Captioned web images
+ + + + + + +
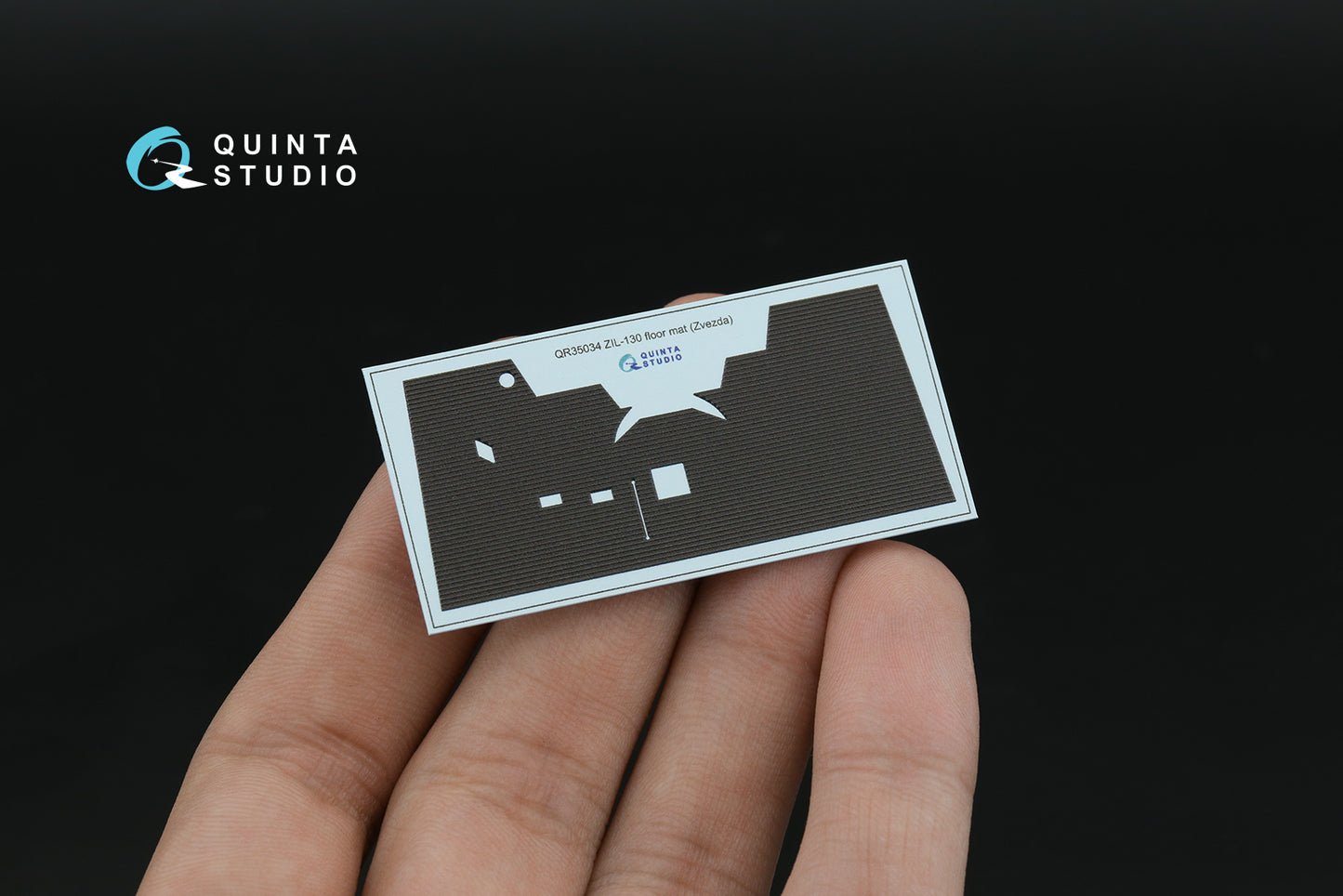 Quinta Studio QR35034 1:35 Soviet ZiL-130 floor mat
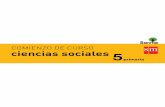 COMIENZO DE CURSO ciencias sociales 5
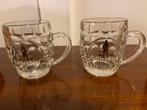 Twee bierpullen Gildenbier (brouwerij Haacht), Enlèvement ou Envoi, Comme neuf, Chope(s), Autres marques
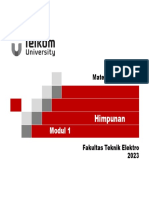 Himpunan: Modul 1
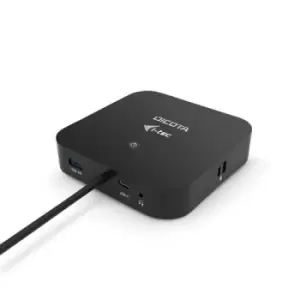 image of Dicota D31949-UK notebook dock/port replicator Wired USB Type-C Black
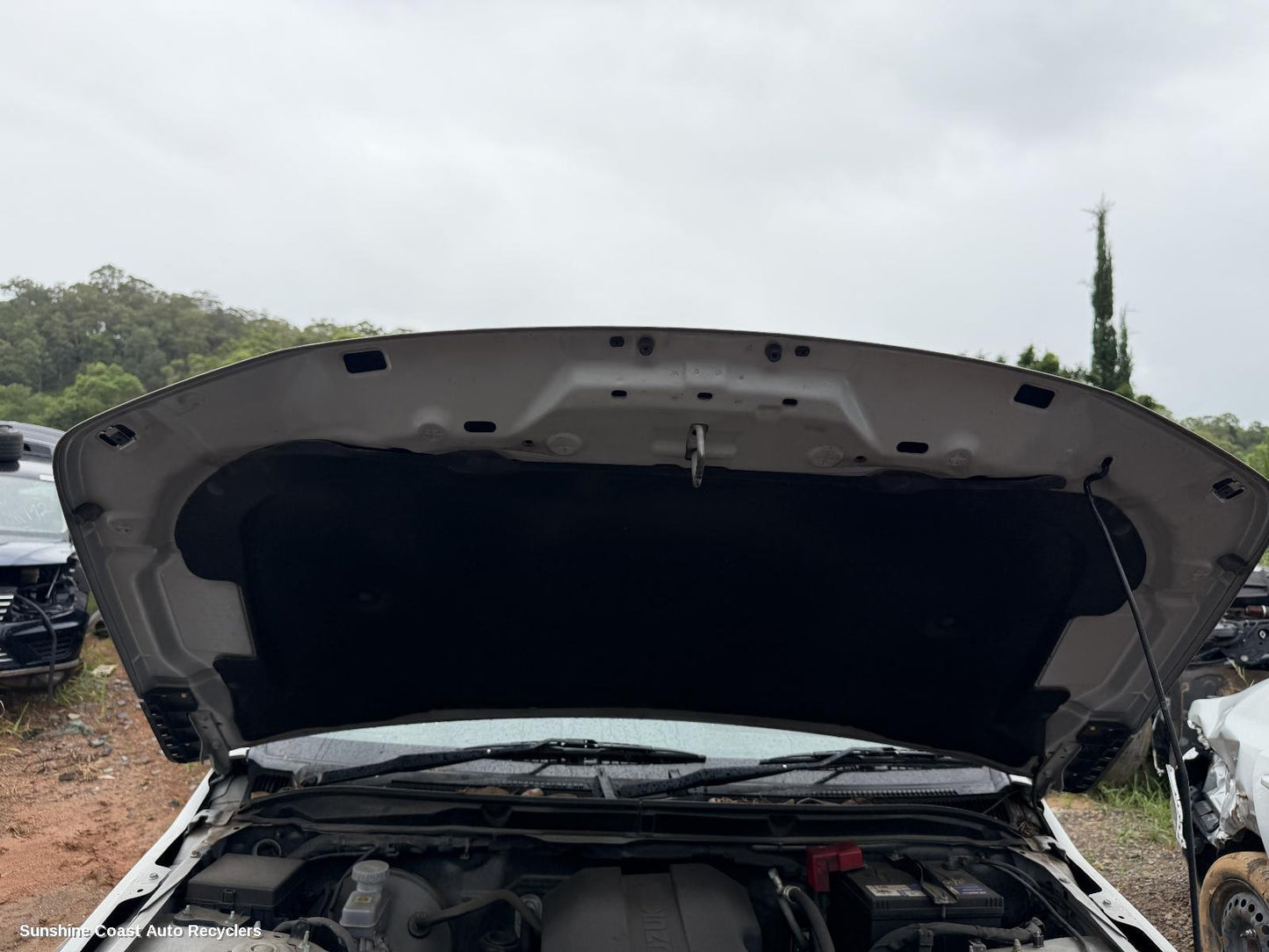2015 Suzuki Vitara Plenum Chamber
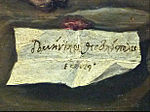 El Greco - St Andrew and St Francis (signature detail).jpg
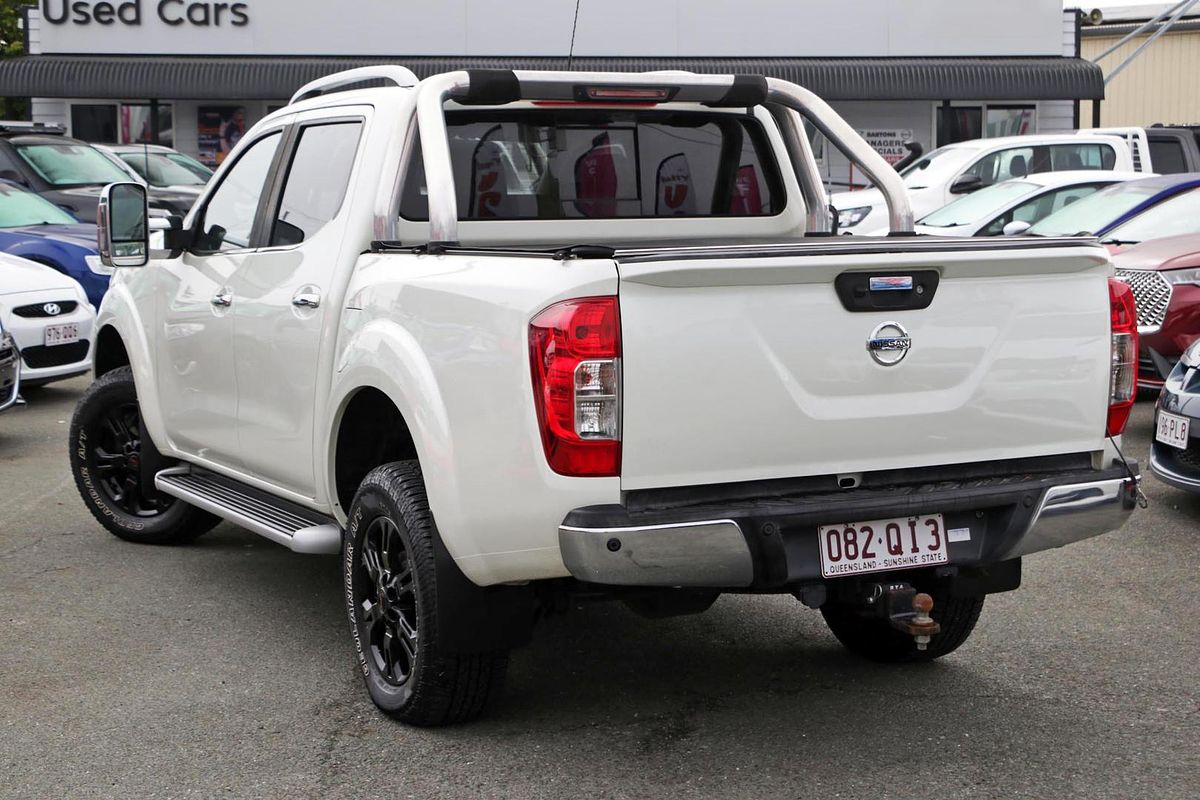 2018 Nissan Navara ST-X D23 Series 3 Rear Wheel Drive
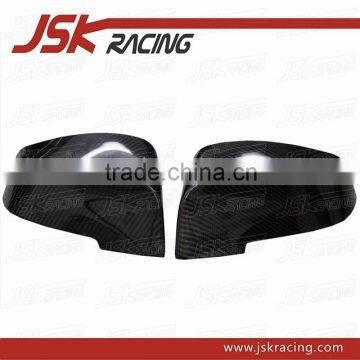 2014-2015 ABS+ CARBON FIBER SIDE MIRROR COVER FOR BMW 5 SERIES F10 F18 GT(JSK082028)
+ + + + + + +
Begin with the first line of the records and repeat every line up to the one with "2015 Suzuki Vitara Plenum Chamber", counting that line too. Pictures are not part of the copy.

■ Worked solution ■
 Quinta Studio QR35034 1:35 Soviet ZiL-130 floor mat
 COMIENZO DE CURSO ciencias sociales 5
 Twee bierpullen Gildenbier (brouwerij Haacht), Enlèvement ou Envoi, Comme neuf, Chope(s), Autres marques
 Himpunan: Modul 1
 image of Dicota D31949-UK notebook dock/port replicator Wired USB Type-C Black
2015 Suzuki Vitara Plenum Chamber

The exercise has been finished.